(Caption-style text data)
···

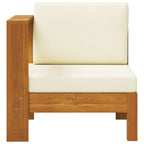 Sofá central con 1 reposabrazos madera acacia blanca crema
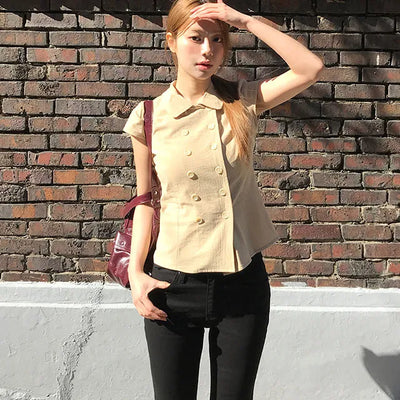 Heart Double Collar Short Sleeve Blouse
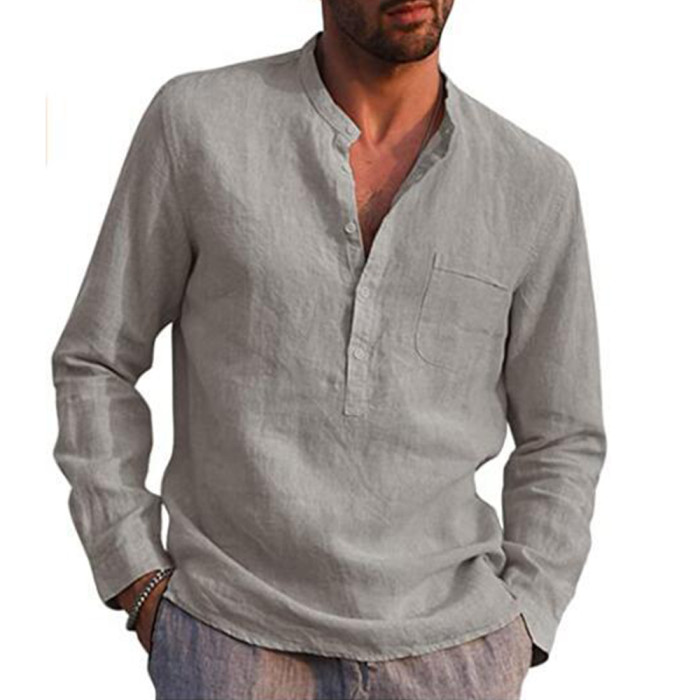 Men's Cotton Linen Long-Sleeved Solid Color Casual Shirts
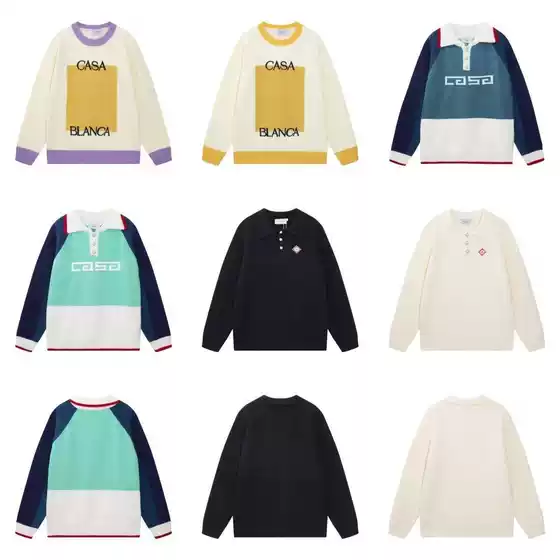 26 New Autumn and Winter Trendy Brand Letter Logo All-Over Round Neck Knitted Sweater for Men and Women, Loose Top with Long Sleeves for Men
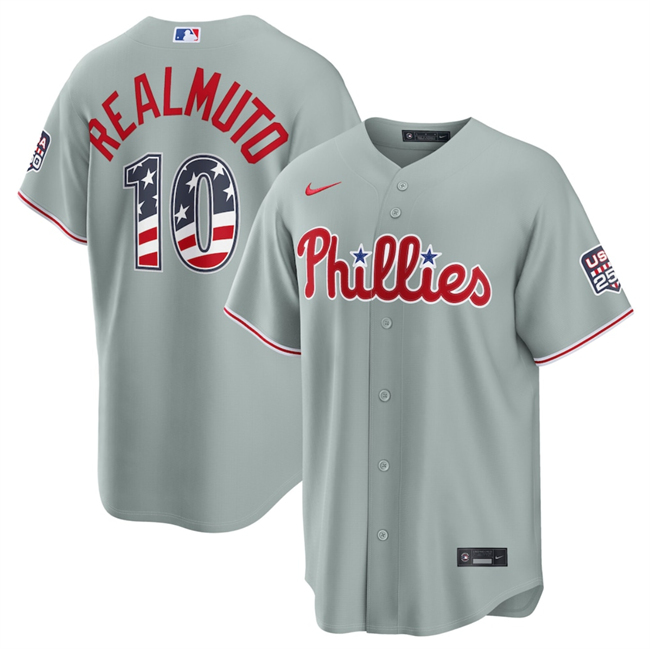 Men's Philadelphia Phillies #10 J.T. Realmuto Grey USA 250 Fourth of July Home Stitched Baseball Jersey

···

▸ **Task to carry out**
All of the entries above should be retyped exactly, with the pictures left out.

▸ **Worked solution**
 Sofá central con 1 reposabrazos madera acacia blanca crema
 Heart Double Collar Short Sleeve Blouse
 Men's Cotton Linen Long-Sleeved Solid Color Casual Shirts
 26 New Autumn and Winter Trendy Brand Letter Logo All-Over Round Neck Knitted Sweater for Men and Women, Loose Top with Long Sleeves for Men
 Men's Philadelphia Phillies #10 J.T. Realmuto Grey USA 250 Fourth of July Home Stitched Baseball Jersey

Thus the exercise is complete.